I’ve had many memorable meals, from excellent Satay and Nasi Goreng in Indonesia to unmentionable Fish and Chips in a chippy in North London, where the chips probably were two days old. They weren’t just swimming in grease, they were sliding, diving and crawling through it. I’ve had excellent Steak and Ale Pie in Norfolk and an unusually horrible meal in Italy, in a trattoria in Palermo. The  chef came out of the kitchen and told us we were insulting his professionalism when we complained. My wife was poisoned by a red mullet once in a place in Greece that should have known better, and where the menu read: Squib in Tomatoes. I advise anyone if they should ever dine at a taverna in Greece and read that squib is on  the menu they should leave the establishment at once. On the other hand, there is another place in Greece close by to the offending one which served simply wonderful Stuffed Aubergines, and Beef in Lemon Sauce, while its wine from the barrel was not first class.  Wine from the barrel at an excellent trattoria in Agrigento in Sicily  accompanied my and my companions’ visit to the Valley of the Temples, where we poured libations to the gods at every temple we visited. I invented some poetic lines (read: doggerel) before every offering.

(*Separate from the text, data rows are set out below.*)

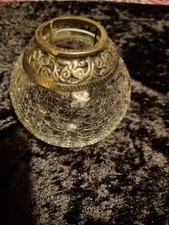 Crackle Glass And Ornate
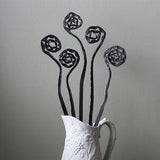 Metal Flower Display - new home iron flowers -  wedding gift for wife - Handmade metal flowers gift for her - Gift for new home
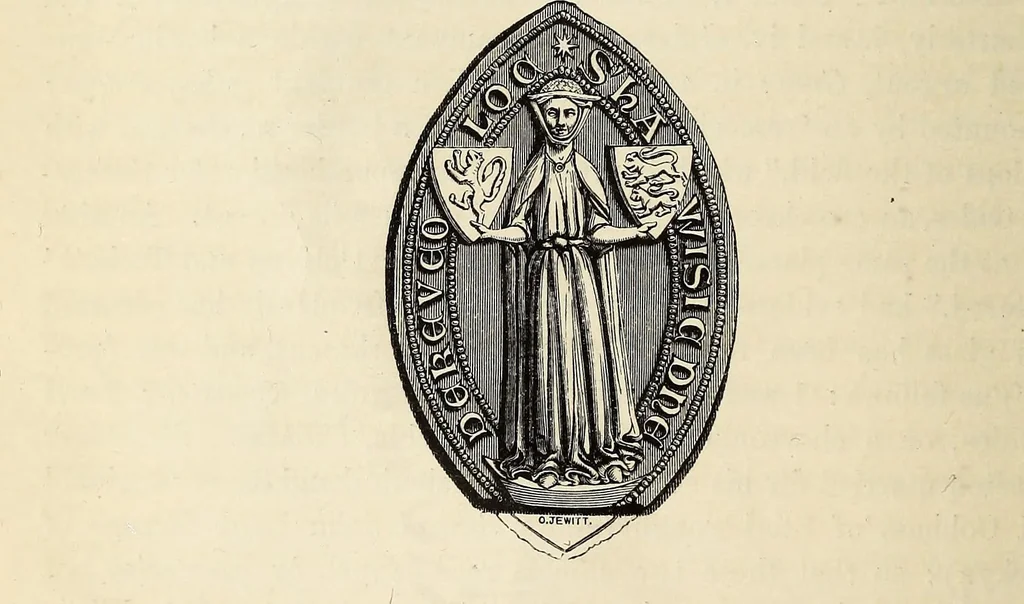 An illustration from The Herald and genealogist, 1871, leaf 135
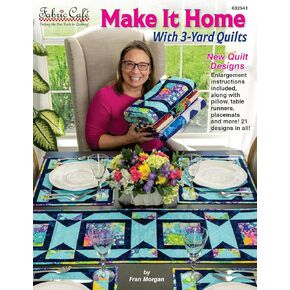 Fabric Cafe Make It Home With 3-Yard Quilts Pattern Booklet – 21 Easy Quilt Projects | 7 Quilt Patterns with Matching Table Runners, Pillow Covers & More | Includes Lap, Twin & Queen/King Size Options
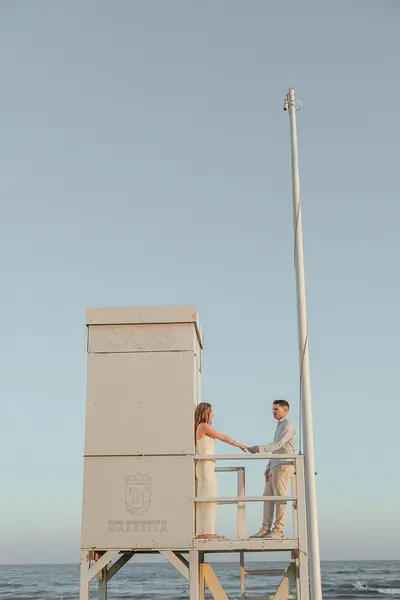 Engagement photoshoot in Marbella by Juanma M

I will never forget the first meal I had in the Czech republic, which was in a pub-restaurant round the corner from the language school I was about to work in. For starters, they watered down the beer, so that some of the boozers who basically hung around all day would not become tired and emotional.  I actually saw the manager of the place shoving a hose in to an open barrel and switching the tap on from a discreet wall at the back of the building to help the beer go further. If you could bear the watered down beer, the meals there were perfectly acceptable, and cheap as well.

I can never forget some of the Turkish food I tried in Istanbul, Ayvalik, and Pergamon.

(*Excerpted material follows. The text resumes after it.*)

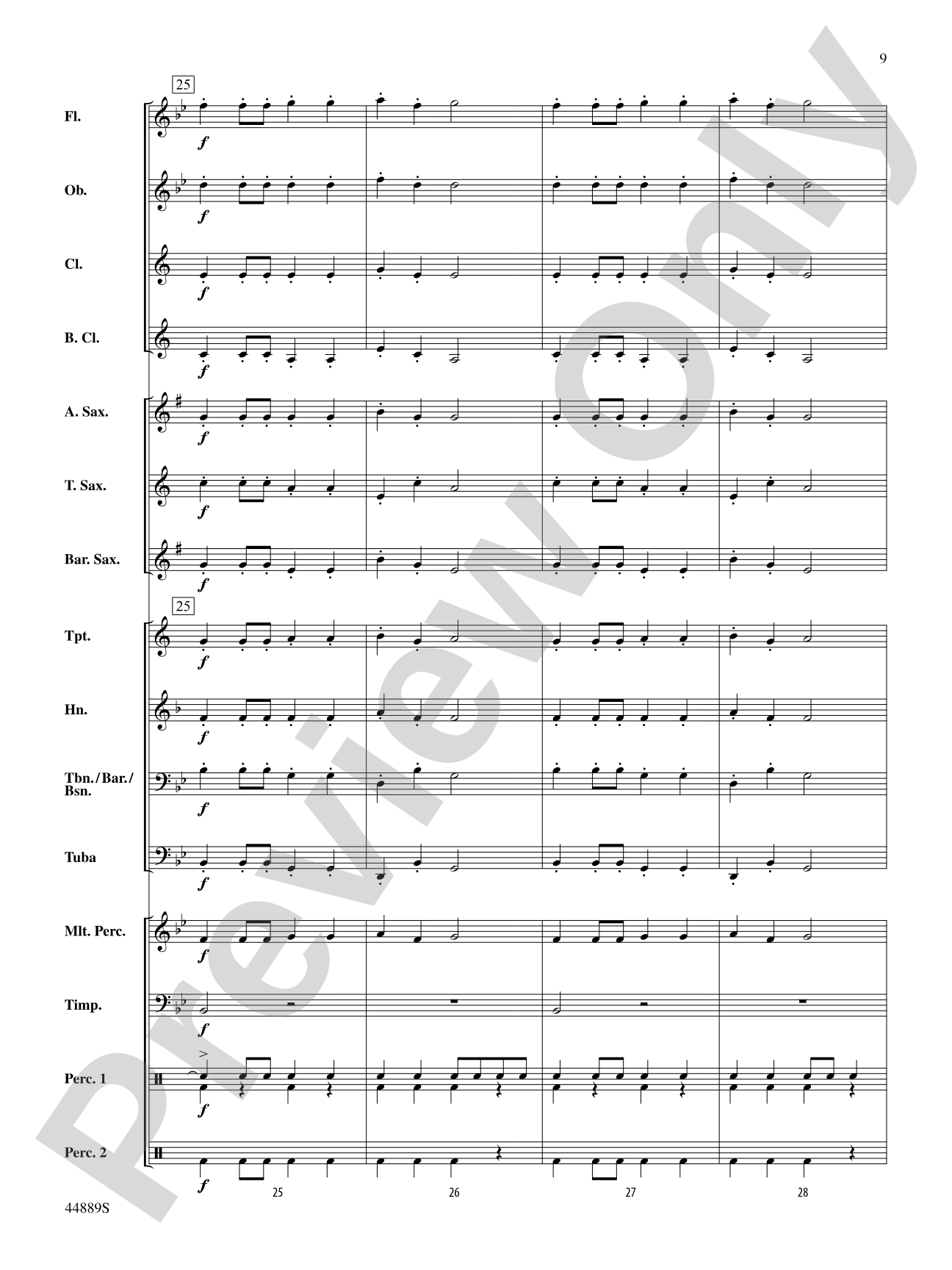 Three Miniature Nutcrackers: Concert Band Conductor Score & Parts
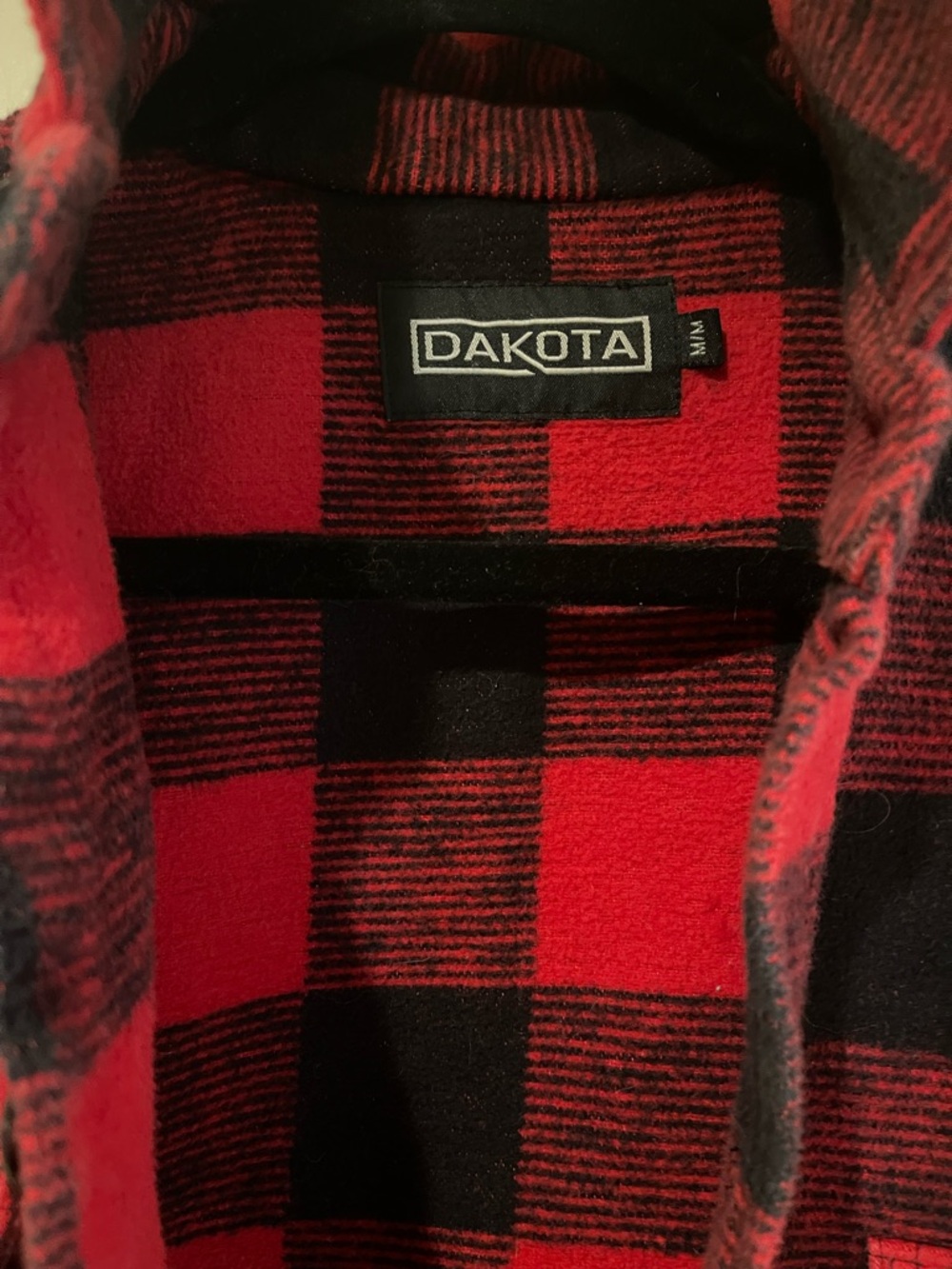 Dakota Red & Black Buffalo thick flannel lumberjack jacket sz M hardly used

As already mentioned elsewhere in this blog, I like Polish food. Today I tried some goose cooked in the style of the 1920s. A local hotel had decided to organise an exhibition of soap and soap products from the 1920s to the present day, a cabaret,  and a detective murder mystery game. This explained why there were some people mysteriously dressed as Polish Counts and Countesses who have found themsleves in a Agatha Chritie novel of the 1930s. The screen above the bar was playing a montage of early Polish commercial films with 20s and 30s music. The reason why we were here though was to try their Obiad Marszalowski , a reward for us after we had watched the Polish Independence Day parade.

Today was a holiday and it was a sunny, if not especially warm day. Normally, we would have gone somewhere else, say Gdynia or Poznan, but I had a strong cold, so we decided to stay here. My wife and I were on our way down to the festivities when we were accosted by a lady who wanted us to help her put her Polish flag up outside her house. In fact she had already got someone to do this; instead of this,  she was keen to point out that Poland had endured 150 years under the domination of other countries at various points.  She basically wanted a chat.  After saying goodbye, we ventured on and got to the Market Square.

 A large crowd of people had all gathered in  anticipation of the military parade that was about to take place.  A group of pigeons hung around the old pistachio building on one side of the square, perching on the balustrades as if also looking forward to the parade, with their fine view of the proceedings. Children rushed around in the middle of the cobbled street, sensing the excitement.  The weather was just warm enough for people to hang around and wait for the events without stamping their feet. The military band, their blue berets like coloured rocks in a sea of people, were  waiting like the crowd. They were more stoical than their civilian counterparts. A police whistle blew somewhere, but nothing happened.

The professional photographers and TV people started to move, an indication that something was about to happen. Standard bearers appeared at the back. Suddenly, the wind cooled.  The military band struck up.  Following the band and its jaunty tunes, and the fluttering flags of the standard bearers,  a lot of local Top Brass, veterans, the police,  various officials, Boy Scout-Girl Guide groups, the mayor and his henchmen. Bringing up the rear were the local football team supporters, today looking far less hooligan – like than their reputation would suggest, and a group of people who held a very long strip with the Polish flag imprinted on it.

The crowd followed the band up to the classic-vintage car show parked on the pavements, and after admiring the cars, we went in for our goose. The dish, cooked according to a 1920s Polish recipe, was made with a mustard sauce and was rather good, though perhaps a little on the rich side.   

Though it was a good meal, it was really the occasion here that made the meal memorable.